Would you reproduce exactly the lines below from the one holding "Crystal Ball Earrings" through the one holding "Colorful kids car", inclusive, and no others?

● **PROVIDED DATA**:
● ● ● ●

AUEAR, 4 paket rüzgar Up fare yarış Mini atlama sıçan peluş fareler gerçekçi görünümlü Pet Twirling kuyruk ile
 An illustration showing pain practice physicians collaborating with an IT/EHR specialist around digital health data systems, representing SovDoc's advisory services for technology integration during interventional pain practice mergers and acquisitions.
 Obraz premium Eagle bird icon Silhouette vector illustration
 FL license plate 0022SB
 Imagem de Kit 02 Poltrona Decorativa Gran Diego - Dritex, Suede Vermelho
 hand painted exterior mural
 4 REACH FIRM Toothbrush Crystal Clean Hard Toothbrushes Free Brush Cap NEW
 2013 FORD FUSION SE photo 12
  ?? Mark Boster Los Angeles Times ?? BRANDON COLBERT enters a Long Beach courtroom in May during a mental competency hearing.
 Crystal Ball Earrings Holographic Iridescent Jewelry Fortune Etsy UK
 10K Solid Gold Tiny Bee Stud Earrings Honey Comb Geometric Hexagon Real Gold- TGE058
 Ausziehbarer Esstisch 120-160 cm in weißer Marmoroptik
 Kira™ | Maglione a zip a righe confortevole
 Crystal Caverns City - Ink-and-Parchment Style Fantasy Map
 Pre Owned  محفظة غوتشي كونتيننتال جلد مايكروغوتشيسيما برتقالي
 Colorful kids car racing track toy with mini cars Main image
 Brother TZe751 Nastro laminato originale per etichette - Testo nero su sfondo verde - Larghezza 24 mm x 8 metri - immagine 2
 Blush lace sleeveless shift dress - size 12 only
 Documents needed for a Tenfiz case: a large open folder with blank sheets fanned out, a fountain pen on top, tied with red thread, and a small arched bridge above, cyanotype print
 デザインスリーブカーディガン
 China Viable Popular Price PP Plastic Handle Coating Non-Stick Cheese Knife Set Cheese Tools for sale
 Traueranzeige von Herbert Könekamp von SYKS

● ● ● ●

● **THE COMPLETED TASK**:
 Crystal Ball Earrings Holographic Iridescent Jewelry Fortune Etsy UK
 10K Solid Gold Tiny Bee Stud Earrings Honey Comb Geometric Hexagon Real Gold- TGE058
 Ausziehbarer Esstisch 120-160 cm in weißer Marmoroptik
 Kira™ | Maglione a zip a righe confortevole
 Crystal Caverns City - Ink-and-Parchment Style Fantasy Map
 Pre Owned  محفظة غوتشي كونتيننتال جلد مايكروغوتشيسيما برتقالي
 Colorful kids car racing track toy with mini cars Main image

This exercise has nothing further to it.